Segurança havia sido reforçada ontem por soldados do Exército no Palácio do Planalto.
Segurança havia sido reforçada ontem por soldados do Exército no Palácio do Planalto.
Foto: Valter Campanato/Agência Brasil

A decisão foi publicada em Diário Oficial. O texto justifica que a revogação se deu "considerando a cessação dos atos de violência e o consequente restabelecimento da lei e da ordem no Distrito Federal. A medida tem aplicação imediata.

A convocação das Forças Armadas pelo presidente foi criticada por parlamentares da oposição, que acusam o governo de colocar em risco a democracia país. Também dentro da base aliada houve desconforto com a medida.

A justificativa do governo para o uso das Forças Armadas foi de que não havia contingente disponível da Força Nacional de Segurança. A avaliação do Planalto foi de que houve falha na organização da segurança feita pelo governo do Distrito Federal, que não conseguiu conter o acesso aos ministérios.

O anúncio do decreto foi feito em meio à violência durante uma marcha contra Temer na capital federal.
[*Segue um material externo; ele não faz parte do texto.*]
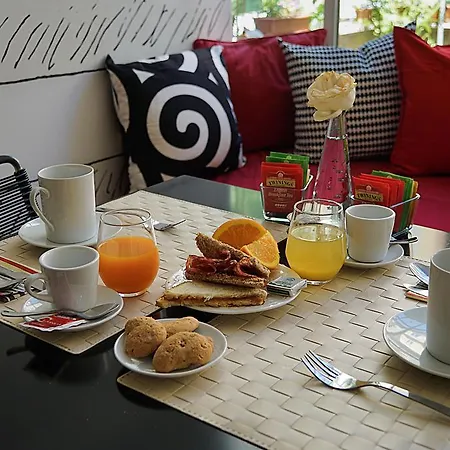فندق مبيت وإفطار Giardino Del Corso
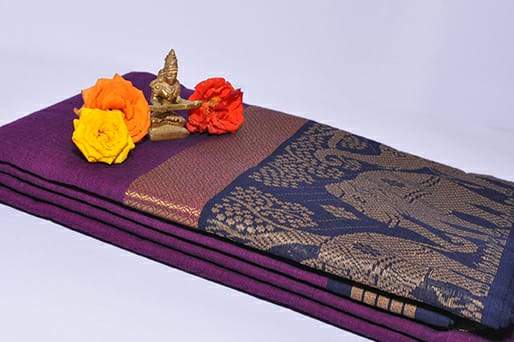 Chettinad Saree- CS415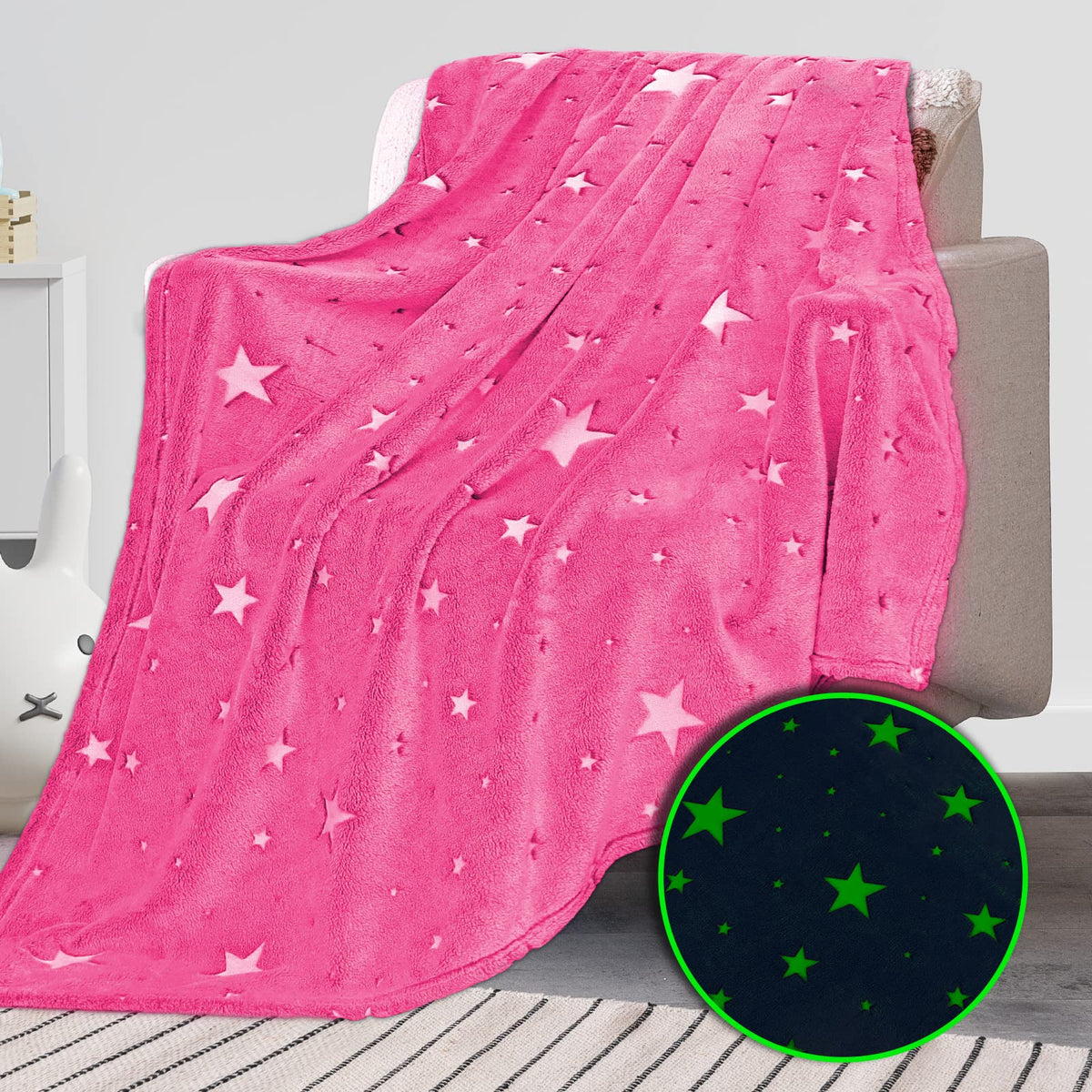 Kids Bedding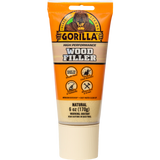 Gorilla Glue Wood Filler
Depois de um início pacífico, a PM entrou em confronto com manifestantes na Esplanada dos Ministérios. Bombas de efeito moral e spray de pimenta foram usados contra um grupo que tentava furar o bloqueio da PM.

Um grupo de cerca de 50 manifestantes incendiou três ministérios: Agricultura, Fazenda e Cultura. Os incêndios foram controlados pelos bombeiros. Em meio à confusão, Temer ordenou que os prédios da Esplanada dos Ministérios fossem esvaziados.

Após o confronto na Esplanada, os manifestantes seguiram para a rodoviária, onde usuários do transporte coletivo foram atingidos por bombas de efeito moral e spray de pimenta lançados por policiais. Houve 49 feridos e oito detidos ao longo do dia em Brasília.

Chamado de Ocupa Brasília, o protesto foi convocado por centrais sindicais e pelas frentes Brasil Popular e Povo Sem Medo, que organizaram os atos contra o impeachment de Dilma Rousseff.

Segurando cartazes com a inscrição "Fora Temer", os manifestantes se posicionaram não apenas a favor da destituição do presidente e de eleições diretas, mas também contra as reformas trabalhista e previdenciária em tramitação.